What is being asked:
Below is a listing with pictures. Repeat exactly the lines starting at the one holding "Vine Cottage B&B" and going on through the one holding "IMG_1037.jpeg", and leave every picture out.

Records shown:

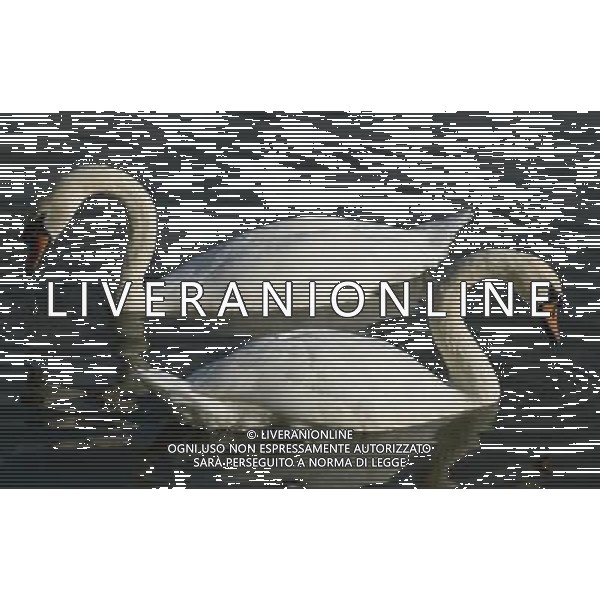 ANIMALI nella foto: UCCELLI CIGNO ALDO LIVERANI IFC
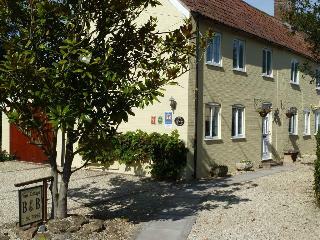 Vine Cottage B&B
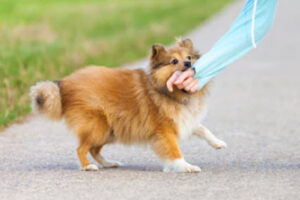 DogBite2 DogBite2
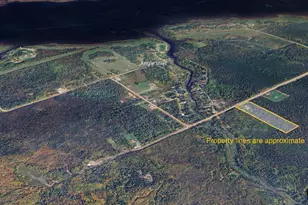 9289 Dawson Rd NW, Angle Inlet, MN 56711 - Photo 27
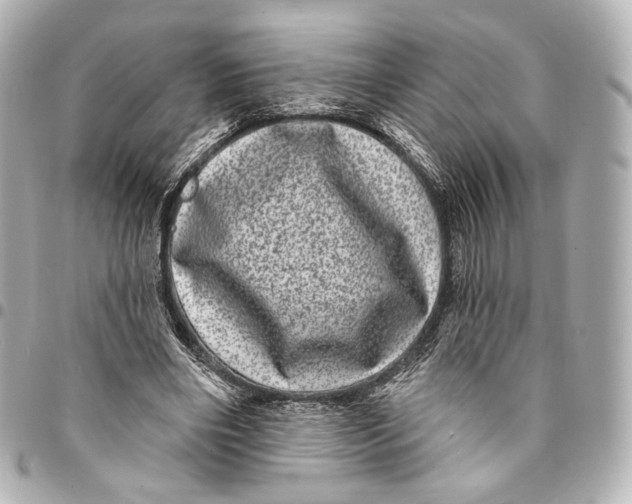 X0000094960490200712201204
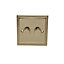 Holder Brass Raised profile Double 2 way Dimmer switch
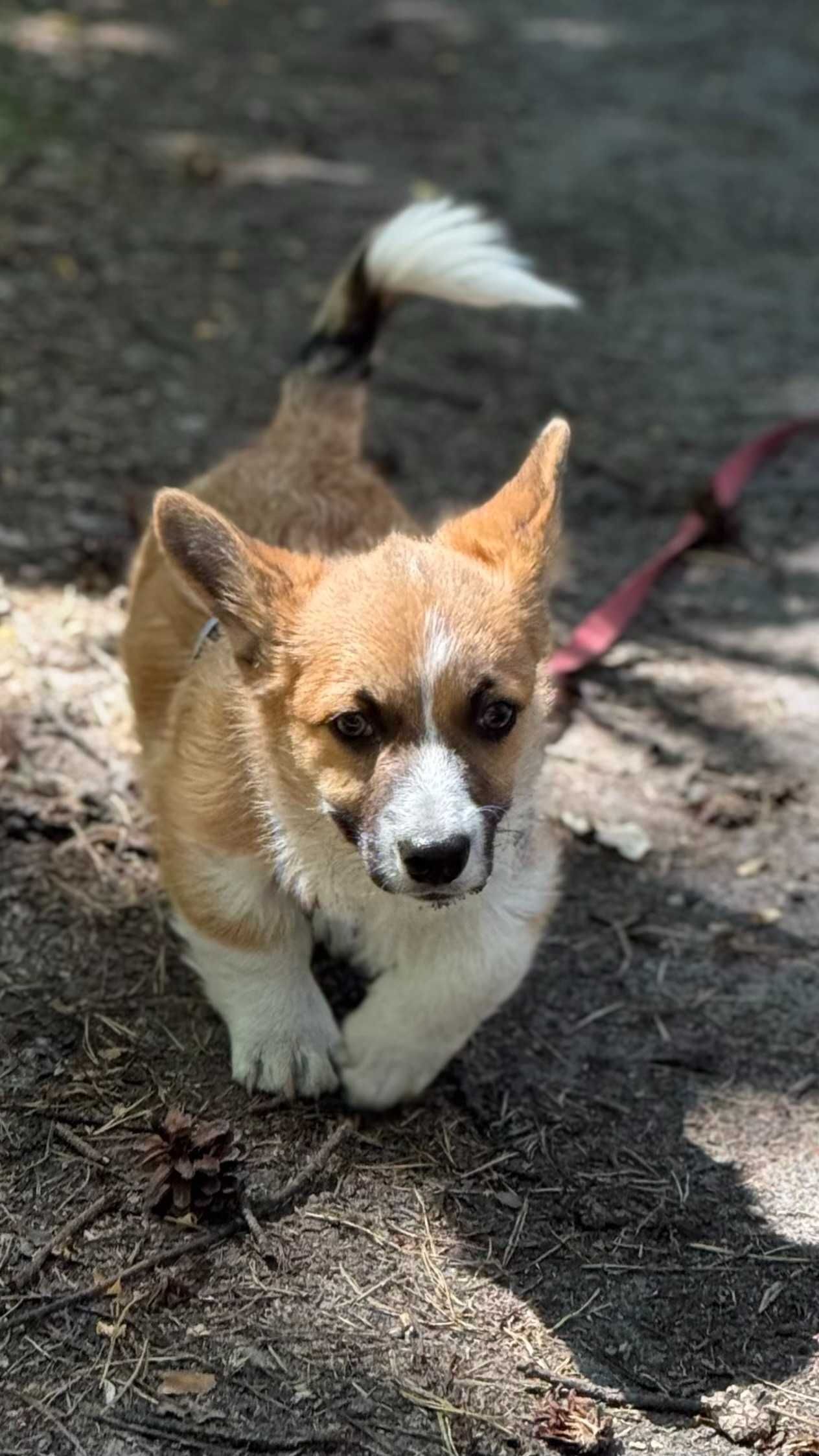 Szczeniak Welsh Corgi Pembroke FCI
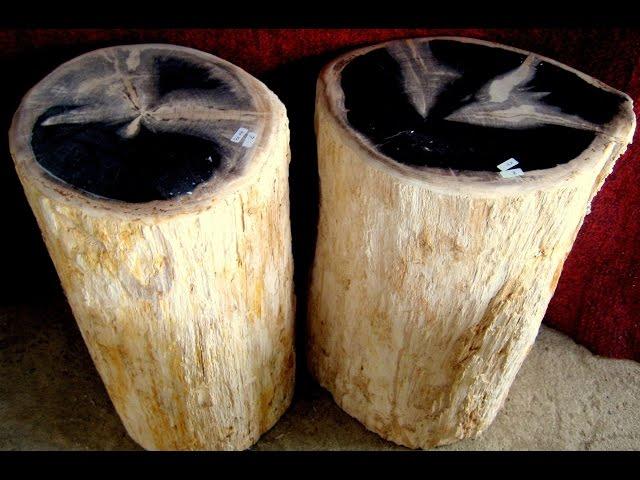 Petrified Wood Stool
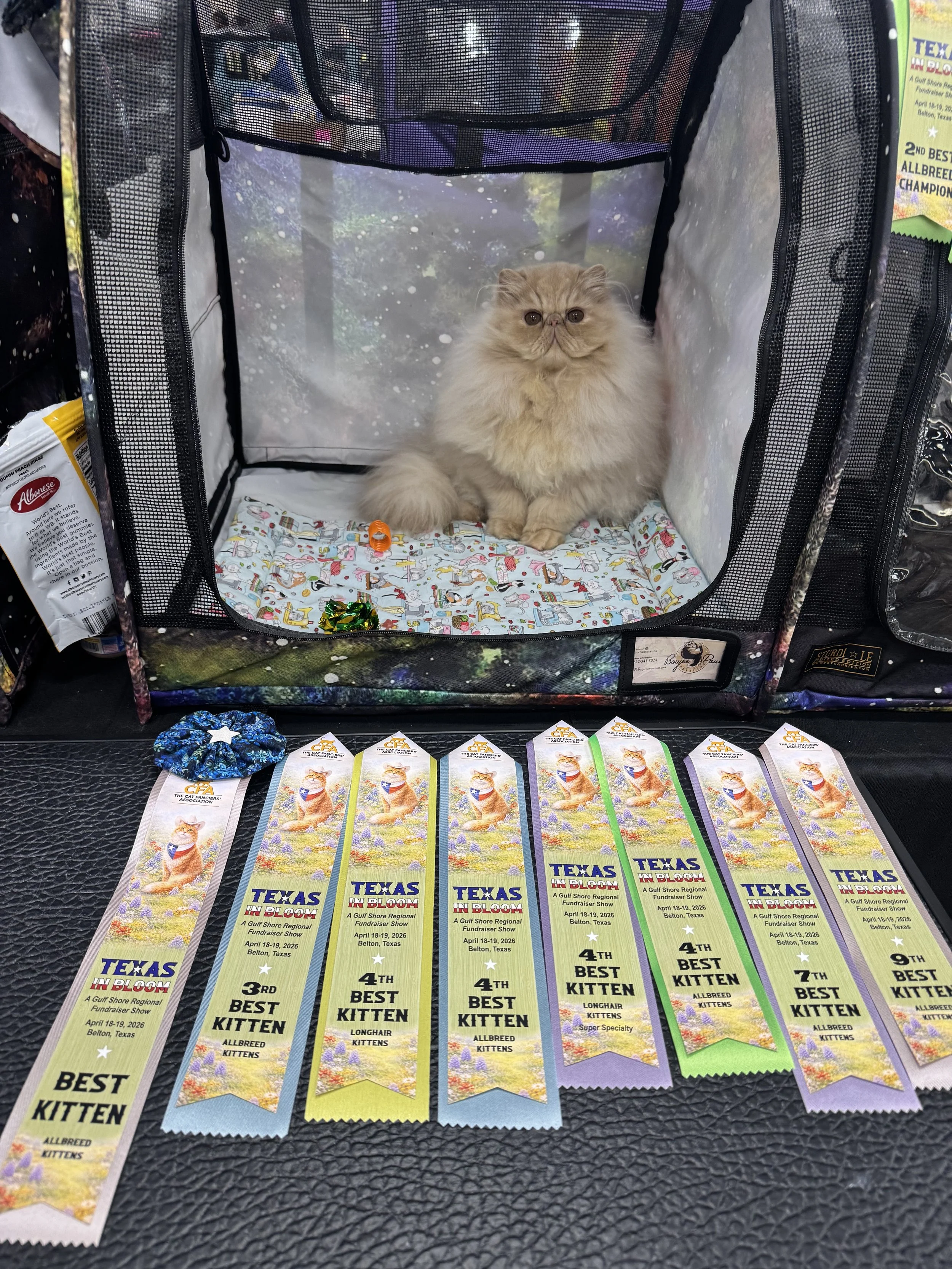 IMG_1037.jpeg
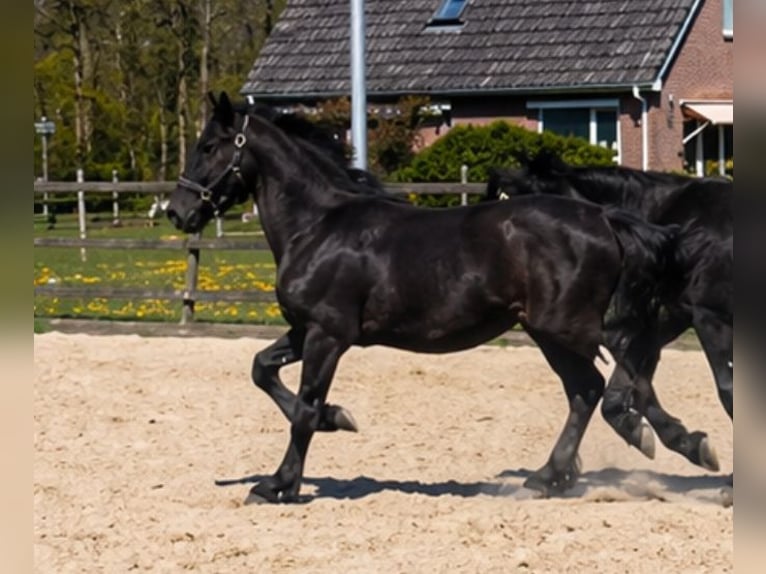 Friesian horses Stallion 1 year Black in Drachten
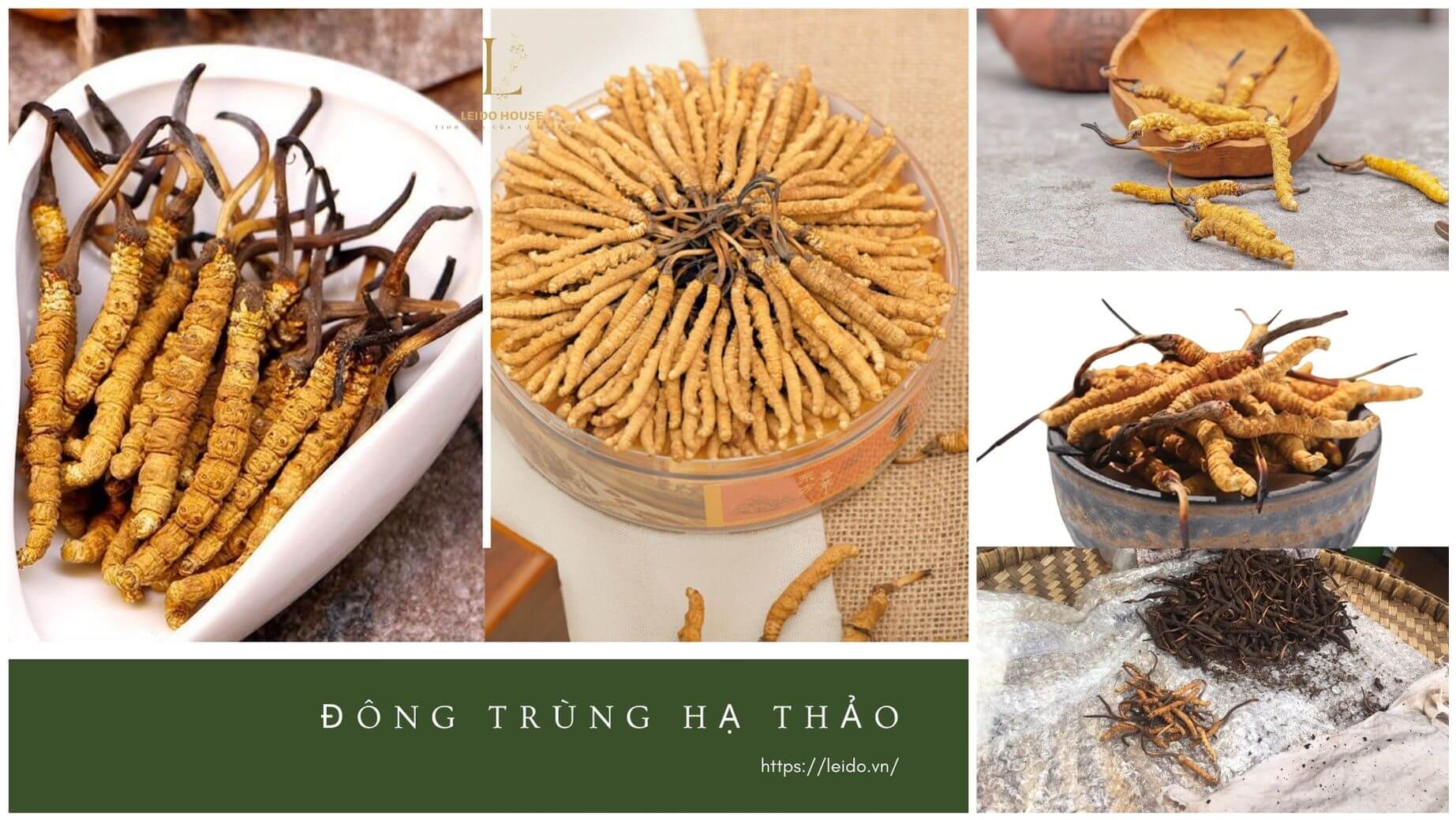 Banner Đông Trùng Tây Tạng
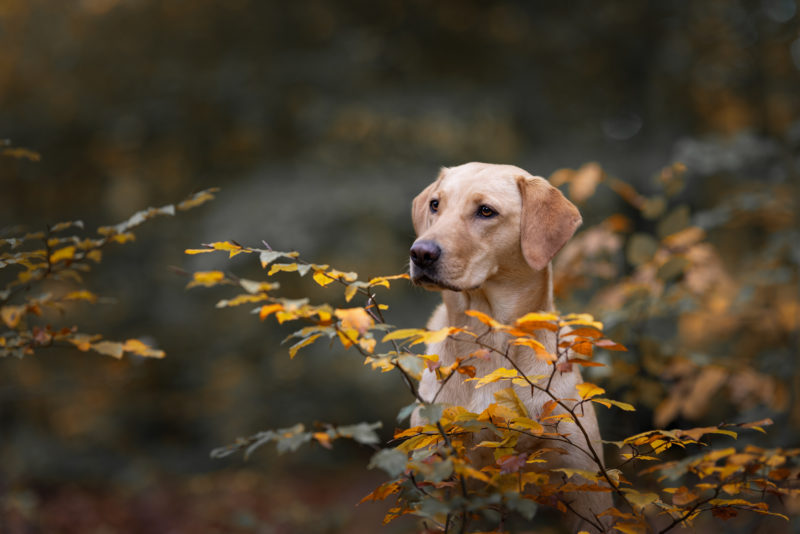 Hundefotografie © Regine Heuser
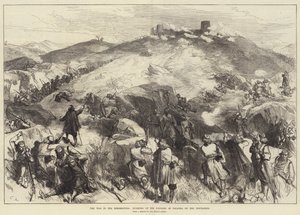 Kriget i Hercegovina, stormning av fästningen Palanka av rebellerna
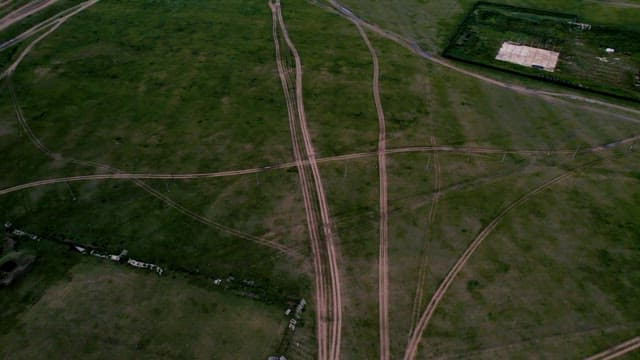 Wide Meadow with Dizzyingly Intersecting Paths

Output of the task:
 Vine Cottage B&B
 DogBite2 DogBite2
 9289 Dawson Rd NW, Angle Inlet, MN 56711 - Photo 27
 X0000094960490200712201204
 Holder Brass Raised profile Double 2 way Dimmer switch
 Szczeniak Welsh Corgi Pembroke FCI
 Petrified Wood Stool
 IMG_1037.jpeg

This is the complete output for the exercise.